This project is a part of our shared program with Africa Sand Dam Foundation. Our team is pleased to directly share the below report (edited for clarity, as needed).
Welcome to the School
Kavumbu Secondary School is located in a area where water shortage is persistently an issue. Lack of water has affected school enrollment as students reportedly drop out of school due to the lack of sanitation and basic facilities. The girl child is affected the most, as basic sanitation issues greatly affect her personal hygiene. Various organizations have tried to implement hygiene programs in the community, and the government has contributed finances to channel water from the area's main river sources. However, frequent breakdowns make these systems unreliable.
The school was selected by parents and self-help group members who are doing other projects with ASDF. Consultations with the school management committee resulted in our decision to build the school a rainwater catchment tank. With the tank, the school hopes to boost academic performance and student enrollment.
Since Kavumbu Secondary doesn't have a reliable water source on school grounds, they are forced to seek other solutions. The school has boarding facilities for 176 students; 92 girls and 84 boys. The school must buy water from a borehole which is 14 kilometers away from the school! The school incurs a bill of 5000 Kenyan shillings per water-fetching trip. Such a large water bill results in raised tuition fees.
The school is also connected to a water pipeline that sources from one of the area's main rivers. Even though the pipeline is unreliable, the school is still charged 10,000 shillings. Alternatively, the school can hire donkeys to go fetch water directly from the river. All of these options incur extra costs that have pushed school fees to an all-time high. Households that scrape together funds to pay for their children's education are suffering.
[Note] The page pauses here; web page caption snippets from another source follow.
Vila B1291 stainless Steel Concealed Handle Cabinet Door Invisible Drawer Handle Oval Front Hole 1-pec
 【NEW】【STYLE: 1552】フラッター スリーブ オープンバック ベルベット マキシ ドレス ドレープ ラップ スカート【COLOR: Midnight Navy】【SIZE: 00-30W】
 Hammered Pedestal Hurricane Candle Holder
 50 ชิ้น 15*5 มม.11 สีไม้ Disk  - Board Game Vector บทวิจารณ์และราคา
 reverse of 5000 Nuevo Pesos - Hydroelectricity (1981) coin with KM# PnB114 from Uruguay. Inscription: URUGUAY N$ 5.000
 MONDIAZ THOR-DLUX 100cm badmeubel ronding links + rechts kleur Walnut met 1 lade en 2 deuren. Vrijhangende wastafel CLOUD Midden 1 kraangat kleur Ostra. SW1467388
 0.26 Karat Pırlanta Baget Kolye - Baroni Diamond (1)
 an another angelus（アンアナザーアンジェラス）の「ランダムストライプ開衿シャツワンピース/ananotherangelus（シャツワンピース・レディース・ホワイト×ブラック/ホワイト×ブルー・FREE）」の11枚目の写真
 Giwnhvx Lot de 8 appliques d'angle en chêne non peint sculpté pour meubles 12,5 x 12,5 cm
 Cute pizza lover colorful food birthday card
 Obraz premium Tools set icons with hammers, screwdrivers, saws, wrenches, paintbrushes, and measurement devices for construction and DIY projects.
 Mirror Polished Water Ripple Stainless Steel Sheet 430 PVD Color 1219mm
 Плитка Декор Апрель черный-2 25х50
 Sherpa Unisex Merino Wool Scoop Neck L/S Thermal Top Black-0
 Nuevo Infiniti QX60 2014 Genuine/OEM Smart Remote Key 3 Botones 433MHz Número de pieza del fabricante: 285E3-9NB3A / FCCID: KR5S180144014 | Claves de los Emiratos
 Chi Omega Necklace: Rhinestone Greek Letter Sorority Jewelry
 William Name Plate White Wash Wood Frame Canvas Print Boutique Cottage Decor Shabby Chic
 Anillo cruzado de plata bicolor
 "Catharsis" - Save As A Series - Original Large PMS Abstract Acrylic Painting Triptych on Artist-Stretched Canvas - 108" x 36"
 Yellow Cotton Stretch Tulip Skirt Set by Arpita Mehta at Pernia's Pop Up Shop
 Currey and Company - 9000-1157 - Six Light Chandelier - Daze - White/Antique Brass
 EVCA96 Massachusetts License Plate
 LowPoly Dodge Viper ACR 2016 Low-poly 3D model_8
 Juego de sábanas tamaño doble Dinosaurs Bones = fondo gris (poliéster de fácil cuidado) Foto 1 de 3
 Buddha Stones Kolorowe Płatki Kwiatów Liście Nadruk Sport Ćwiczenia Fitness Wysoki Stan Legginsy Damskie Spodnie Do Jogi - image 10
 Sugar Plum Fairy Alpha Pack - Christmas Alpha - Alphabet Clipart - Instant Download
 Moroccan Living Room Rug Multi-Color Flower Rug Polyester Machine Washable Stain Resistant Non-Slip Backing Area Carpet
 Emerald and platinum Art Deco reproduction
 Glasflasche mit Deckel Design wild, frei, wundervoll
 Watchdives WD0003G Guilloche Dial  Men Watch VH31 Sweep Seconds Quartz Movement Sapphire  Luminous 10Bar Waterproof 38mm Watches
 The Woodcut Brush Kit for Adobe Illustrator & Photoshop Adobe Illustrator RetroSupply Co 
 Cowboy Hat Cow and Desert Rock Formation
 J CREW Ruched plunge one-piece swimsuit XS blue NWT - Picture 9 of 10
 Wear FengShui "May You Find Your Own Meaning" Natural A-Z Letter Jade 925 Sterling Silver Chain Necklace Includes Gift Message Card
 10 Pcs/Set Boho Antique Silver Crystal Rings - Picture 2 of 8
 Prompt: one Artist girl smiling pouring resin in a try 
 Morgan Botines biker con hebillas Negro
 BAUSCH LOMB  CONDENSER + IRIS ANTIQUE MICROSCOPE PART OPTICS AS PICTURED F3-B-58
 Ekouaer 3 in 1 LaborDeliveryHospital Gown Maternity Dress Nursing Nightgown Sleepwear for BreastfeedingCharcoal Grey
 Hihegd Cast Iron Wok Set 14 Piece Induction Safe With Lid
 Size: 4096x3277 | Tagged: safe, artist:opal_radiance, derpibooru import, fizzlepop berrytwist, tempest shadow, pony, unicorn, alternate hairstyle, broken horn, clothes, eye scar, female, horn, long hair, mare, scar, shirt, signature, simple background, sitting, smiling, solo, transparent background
The school has a 10,000-liter plastic reservoir tank used to store water meant for cooking and drinking. In a day, the school needs an average of 2000 liters of water. Due to these strains, the school has challenges in maintaining a clean environment.
Children report cases of stomachache and diarrhea during the dry periods when the school has to rely on various different water sources. Since there is only a limited amount of water, the school has to ration the amount of water each student consumes per day. The low water rations have affected personal hygiene, especially the hygiene of boarders. With these conditions, the health and academic performance of all students are poor.
Kavumbu Secondary School has 14 pit latrines that teachers and students try their best to keep clean. However, this is difficult without enough water to do the job well. There are six bathing rooms for the boarders, but no hand-washing stations. There are a few clotheslines and dish racks for boarders to dry their belongings. The school has an open pit for disposing of garbage. School attendants burn the pit's contents to keep it from overflowing.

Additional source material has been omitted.